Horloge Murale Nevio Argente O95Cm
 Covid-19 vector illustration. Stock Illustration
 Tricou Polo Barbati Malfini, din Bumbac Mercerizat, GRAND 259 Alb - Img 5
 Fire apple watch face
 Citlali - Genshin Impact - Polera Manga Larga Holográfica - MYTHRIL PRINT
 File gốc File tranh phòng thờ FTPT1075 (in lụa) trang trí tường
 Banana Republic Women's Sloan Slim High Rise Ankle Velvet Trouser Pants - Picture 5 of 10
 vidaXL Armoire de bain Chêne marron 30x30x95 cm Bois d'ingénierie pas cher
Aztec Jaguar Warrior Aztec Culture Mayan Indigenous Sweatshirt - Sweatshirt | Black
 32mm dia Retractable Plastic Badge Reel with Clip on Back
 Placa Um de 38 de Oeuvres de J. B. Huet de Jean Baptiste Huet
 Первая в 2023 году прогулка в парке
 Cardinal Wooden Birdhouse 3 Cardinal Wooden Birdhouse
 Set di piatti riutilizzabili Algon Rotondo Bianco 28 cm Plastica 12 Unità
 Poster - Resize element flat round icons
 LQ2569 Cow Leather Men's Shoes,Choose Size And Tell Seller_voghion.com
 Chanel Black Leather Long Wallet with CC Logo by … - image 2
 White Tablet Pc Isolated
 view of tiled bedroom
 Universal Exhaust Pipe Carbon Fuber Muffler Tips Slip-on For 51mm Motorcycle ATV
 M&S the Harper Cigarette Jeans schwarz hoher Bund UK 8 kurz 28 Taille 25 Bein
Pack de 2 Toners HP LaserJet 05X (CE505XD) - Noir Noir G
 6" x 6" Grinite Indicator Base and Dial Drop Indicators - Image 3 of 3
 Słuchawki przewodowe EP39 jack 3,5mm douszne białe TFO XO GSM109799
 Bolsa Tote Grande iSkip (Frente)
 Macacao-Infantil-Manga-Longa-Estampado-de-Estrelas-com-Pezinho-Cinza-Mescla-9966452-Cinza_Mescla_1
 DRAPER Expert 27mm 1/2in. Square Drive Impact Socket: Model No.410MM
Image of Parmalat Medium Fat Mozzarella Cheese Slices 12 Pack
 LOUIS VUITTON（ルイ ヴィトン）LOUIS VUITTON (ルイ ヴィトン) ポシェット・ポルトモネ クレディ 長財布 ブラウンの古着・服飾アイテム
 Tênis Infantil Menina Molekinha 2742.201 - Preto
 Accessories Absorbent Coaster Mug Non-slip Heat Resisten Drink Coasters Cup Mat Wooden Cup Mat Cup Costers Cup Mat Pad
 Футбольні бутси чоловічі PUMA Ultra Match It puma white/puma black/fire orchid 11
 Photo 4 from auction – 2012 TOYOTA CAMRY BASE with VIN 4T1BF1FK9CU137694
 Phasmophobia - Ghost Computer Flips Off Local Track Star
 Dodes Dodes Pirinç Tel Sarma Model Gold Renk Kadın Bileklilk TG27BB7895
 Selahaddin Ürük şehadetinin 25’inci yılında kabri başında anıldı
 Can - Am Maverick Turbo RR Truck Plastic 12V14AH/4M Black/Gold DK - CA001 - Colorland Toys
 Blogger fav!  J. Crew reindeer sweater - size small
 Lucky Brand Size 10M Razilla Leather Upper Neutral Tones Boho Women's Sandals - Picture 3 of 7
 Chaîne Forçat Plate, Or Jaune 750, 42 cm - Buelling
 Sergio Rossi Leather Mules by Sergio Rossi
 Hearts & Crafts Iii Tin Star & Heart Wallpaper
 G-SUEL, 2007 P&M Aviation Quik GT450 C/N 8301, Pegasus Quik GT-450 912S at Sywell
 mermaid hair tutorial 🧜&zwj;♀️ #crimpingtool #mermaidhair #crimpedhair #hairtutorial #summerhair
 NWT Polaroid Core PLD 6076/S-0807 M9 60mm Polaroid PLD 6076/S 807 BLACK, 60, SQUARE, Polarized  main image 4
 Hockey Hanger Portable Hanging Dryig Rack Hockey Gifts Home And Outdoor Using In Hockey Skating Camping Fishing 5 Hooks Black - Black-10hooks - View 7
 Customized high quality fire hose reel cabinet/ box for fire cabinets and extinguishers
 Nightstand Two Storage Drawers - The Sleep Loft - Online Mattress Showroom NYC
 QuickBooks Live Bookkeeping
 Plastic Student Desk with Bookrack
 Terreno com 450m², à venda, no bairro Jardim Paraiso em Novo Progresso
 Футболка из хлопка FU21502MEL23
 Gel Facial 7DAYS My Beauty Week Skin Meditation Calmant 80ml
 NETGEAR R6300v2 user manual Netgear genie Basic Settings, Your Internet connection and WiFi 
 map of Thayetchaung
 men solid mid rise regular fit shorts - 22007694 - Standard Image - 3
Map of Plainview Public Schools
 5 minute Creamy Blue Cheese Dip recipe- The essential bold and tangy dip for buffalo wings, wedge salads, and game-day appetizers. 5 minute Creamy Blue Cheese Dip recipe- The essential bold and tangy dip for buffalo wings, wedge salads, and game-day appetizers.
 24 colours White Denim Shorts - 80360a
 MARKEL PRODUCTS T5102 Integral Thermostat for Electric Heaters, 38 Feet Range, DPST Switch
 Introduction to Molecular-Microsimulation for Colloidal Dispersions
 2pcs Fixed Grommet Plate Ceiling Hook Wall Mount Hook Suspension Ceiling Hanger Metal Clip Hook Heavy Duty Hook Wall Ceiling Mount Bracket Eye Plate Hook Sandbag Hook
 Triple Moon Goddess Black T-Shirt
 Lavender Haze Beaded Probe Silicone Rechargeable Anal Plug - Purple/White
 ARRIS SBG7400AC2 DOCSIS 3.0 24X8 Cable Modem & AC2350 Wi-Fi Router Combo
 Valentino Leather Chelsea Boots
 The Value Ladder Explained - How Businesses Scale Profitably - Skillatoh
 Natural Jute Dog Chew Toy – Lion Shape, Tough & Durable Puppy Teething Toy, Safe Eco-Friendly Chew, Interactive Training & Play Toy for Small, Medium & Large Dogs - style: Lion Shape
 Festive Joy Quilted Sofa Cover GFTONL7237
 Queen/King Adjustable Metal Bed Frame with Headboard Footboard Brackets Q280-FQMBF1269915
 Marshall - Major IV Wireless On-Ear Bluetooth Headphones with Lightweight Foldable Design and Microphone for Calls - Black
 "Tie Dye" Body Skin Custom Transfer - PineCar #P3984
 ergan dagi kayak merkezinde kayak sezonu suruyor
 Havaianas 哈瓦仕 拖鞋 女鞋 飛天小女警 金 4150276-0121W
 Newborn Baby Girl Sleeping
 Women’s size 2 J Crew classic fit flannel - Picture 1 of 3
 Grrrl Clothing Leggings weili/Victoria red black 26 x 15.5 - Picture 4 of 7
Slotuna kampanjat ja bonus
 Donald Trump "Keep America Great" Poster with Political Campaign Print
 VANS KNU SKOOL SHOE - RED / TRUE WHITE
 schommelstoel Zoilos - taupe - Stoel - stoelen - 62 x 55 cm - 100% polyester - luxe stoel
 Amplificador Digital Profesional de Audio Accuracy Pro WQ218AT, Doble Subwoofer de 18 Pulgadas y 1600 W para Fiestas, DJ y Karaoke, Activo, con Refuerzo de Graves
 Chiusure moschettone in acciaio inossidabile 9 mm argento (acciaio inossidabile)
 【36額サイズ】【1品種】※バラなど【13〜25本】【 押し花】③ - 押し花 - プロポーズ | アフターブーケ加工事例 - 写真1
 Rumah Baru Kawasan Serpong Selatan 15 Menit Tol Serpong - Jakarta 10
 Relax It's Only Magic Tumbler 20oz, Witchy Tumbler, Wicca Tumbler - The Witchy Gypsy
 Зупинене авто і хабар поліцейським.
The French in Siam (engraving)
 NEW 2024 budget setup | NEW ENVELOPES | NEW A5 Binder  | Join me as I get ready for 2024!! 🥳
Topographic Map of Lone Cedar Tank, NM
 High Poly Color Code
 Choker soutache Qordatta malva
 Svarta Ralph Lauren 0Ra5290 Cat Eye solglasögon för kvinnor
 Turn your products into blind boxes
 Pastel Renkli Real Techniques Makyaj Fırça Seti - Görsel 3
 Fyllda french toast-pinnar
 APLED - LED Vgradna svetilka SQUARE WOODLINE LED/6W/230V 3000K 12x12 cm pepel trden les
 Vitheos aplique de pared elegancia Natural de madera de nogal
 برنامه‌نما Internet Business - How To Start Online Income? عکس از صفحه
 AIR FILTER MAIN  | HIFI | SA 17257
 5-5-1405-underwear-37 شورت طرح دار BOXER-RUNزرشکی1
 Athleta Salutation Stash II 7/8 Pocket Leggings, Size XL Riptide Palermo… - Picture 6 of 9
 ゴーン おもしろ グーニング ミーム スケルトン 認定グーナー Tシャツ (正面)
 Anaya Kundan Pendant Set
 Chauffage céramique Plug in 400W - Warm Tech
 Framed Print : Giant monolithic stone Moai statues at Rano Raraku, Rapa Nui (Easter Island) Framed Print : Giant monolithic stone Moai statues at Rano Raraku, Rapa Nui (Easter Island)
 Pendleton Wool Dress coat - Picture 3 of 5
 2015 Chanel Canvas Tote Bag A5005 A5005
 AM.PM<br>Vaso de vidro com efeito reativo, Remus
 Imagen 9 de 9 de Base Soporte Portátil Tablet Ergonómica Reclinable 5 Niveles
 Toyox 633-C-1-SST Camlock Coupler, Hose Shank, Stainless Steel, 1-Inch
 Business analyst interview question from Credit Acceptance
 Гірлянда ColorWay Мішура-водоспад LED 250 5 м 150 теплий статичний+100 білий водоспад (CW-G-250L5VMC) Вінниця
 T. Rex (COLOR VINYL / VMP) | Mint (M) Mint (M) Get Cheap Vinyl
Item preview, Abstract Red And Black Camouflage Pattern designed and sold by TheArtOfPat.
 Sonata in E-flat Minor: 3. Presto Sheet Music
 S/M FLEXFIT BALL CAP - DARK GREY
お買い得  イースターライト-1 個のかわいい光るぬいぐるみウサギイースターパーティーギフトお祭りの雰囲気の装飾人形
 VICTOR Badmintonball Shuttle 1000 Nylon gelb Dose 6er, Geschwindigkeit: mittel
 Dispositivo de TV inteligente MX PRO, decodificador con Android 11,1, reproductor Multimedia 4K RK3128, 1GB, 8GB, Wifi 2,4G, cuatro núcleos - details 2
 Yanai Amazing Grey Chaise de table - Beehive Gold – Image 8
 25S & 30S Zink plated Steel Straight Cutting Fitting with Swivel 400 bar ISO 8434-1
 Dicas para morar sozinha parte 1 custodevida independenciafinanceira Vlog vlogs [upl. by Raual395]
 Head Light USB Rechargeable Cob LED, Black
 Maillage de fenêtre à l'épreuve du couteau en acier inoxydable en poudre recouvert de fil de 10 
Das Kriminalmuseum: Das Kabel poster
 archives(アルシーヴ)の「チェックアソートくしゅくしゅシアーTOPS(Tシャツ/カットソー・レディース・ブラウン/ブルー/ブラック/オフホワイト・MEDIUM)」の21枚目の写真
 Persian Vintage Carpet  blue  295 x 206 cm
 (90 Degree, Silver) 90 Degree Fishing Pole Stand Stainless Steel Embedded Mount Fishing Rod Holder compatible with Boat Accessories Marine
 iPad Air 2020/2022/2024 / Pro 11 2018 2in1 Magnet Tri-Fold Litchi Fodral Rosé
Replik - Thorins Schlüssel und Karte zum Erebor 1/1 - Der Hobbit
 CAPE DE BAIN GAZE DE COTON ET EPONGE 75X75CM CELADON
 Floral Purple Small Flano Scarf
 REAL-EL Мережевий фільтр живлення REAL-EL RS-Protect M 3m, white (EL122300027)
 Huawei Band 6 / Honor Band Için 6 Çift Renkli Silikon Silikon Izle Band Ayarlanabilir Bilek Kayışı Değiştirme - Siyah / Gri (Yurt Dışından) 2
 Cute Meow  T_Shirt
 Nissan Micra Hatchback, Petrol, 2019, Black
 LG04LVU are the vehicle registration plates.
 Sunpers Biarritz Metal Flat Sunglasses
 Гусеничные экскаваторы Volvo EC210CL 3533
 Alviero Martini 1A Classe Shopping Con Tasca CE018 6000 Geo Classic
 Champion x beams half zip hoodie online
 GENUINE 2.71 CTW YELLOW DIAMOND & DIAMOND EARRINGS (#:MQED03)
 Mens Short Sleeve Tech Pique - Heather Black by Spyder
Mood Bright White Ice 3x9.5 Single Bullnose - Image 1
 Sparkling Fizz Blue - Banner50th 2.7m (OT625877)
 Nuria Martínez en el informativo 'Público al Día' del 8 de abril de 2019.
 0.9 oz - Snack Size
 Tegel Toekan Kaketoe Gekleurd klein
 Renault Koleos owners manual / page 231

## TASK PROMPT
Your task is to retype the entries verbatim, starting with the line that holds "vidaXL Armoire de" and stopping after the line that holds "view of tiled bedroom".

## ANSWER FOR THIS EXERCISE
 vidaXL Armoire de bain Chêne marron 30x30x95 cm Bois d'ingénierie pas cher
Aztec Jaguar Warrior Aztec Culture Mayan Indigenous Sweatshirt - Sweatshirt | Black
 32mm dia Retractable Plastic Badge Reel with Clip on Back
 Placa Um de 38 de Oeuvres de J. B. Huet de Jean Baptiste Huet
 Первая в 2023 году прогулка в парке
 Cardinal Wooden Birdhouse 3 Cardinal Wooden Birdhouse
 Set di piatti riutilizzabili Algon Rotondo Bianco 28 cm Plastica 12 Unità
 Poster - Resize element flat round icons
 LQ2569 Cow Leather Men's Shoes,Choose Size And Tell Seller_voghion.com
 Chanel Black Leather Long Wallet with CC Logo by … - image 2
 White Tablet Pc Isolated
 view of tiled bedroom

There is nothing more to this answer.